Brian è in forma. Il suo “nuovo” stile di canto è come per il precedente lavoro: pochi “strilli”, ma voce graduata e ben gestita, modulata in modo da accompagnare perfettamente l’andamento dinamico di ogni brano. Senz’altro il tutto facilitato dall’accordatura mezzo tono più in sotto rispetto alla standard (tranne per Playball).

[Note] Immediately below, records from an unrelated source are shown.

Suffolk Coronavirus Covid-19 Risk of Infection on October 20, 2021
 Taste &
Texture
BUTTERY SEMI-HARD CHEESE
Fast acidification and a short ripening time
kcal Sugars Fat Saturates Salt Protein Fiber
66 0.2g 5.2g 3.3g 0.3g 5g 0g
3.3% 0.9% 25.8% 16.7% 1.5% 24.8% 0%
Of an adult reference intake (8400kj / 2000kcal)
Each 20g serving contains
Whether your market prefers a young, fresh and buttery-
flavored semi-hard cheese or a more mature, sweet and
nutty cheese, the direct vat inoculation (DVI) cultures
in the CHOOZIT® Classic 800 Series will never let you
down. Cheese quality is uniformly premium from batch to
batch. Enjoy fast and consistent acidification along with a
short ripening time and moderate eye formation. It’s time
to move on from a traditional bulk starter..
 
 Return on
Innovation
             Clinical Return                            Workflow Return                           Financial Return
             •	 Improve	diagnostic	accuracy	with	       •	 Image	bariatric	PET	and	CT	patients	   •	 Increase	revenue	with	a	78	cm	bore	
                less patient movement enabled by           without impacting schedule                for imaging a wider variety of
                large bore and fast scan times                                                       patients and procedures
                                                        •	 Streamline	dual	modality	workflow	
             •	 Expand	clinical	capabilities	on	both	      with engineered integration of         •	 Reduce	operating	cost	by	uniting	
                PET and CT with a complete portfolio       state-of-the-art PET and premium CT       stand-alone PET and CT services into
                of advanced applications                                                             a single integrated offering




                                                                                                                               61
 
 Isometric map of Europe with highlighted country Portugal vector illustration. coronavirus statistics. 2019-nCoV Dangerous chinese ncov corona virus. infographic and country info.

Sempre a differenza di Black Ice, “Rock or Bust”è molto più di stampo “americano”, con ritornelli per la maggior parte allegri, freschi, che durano per tutto l’album. Insomma, una nota senz’altro positiva: il piede batte sempre, per riassumere sinteticamente. 11 canzoni che vanno via dritte, ma non ci sono ritornelli o riff che però lasciano particolarmente il segno, in modo indelebile. Piccola nota: gli assoli sembrano improvvisati al momento, e non hanno particolari melodie guida. Una mancanza che, a parte rare eccezioni, si trascina da prima di “Black Ice”, ed era tutto sommato prevedibile. Come “concept” potrebbe essere abbinato a “Fly on the wall”. Tre-quattro pezzi che si ricordano più di altri, ma i restanti, pur non essendo “fillers” lenti ed imbarazzanti come le “Damned” o “Come & get it” in Stiff upper lip, non spiccano per originalità. Brani mid-tempo tranne “Baptism by fire”, con un po’ di pepe in più.

Stevie Young fa un buon lavoro, fedele e impeccabile nel prendere le veci dello zio, la cui mancanza però pesa irrimediabilmente sulle sorti finali dell’album. L’assenza di Malcolm Young si percepisce, l’eccessiva brevità di alcuni brani, vedi “Playball”, è data sicuramente dalla mancanza di colui che, essendo l’anima musicale della band, è sempre riuscito a trovare quell’idea, quell’intuizione, spesso piccola ma a volte geniale, che ha permesso alla gran parte degli album precedenti di non stancare, ma anzi, rinnovare la fiducia dei fans e anche (con la collaborazione delle case discografiche) di trovarne di nuovi. La presenza compositiva del solo Angus rende l’album un eccezionale e ammirevole esercizio di stile, un saggio musicale derivante da un’esperienza e da un bagaglio infinito, da colui che ne è probabilmente il massimo esponente del genere. Certamente non tutte le idee di questo album saranno ex novo, Malcolm avrà di certo lavorato tempo addietro a qualche riff, ma siamo sicuri che anche la sua assenza in studio abbia pregiudicato il disco, essendo mancata la “guida” principale. Se proprio vogliamo toglierci un sassolino dalla scarpa, “Rock or Bust” da l’idea di essere stato “chiuso” un pò in fretta, ragionato e suonato quasi di botto, e qui, rifacendoci all’espressione che abbiamo usato prima, va apprezzato come un vero “esercizio di stile”.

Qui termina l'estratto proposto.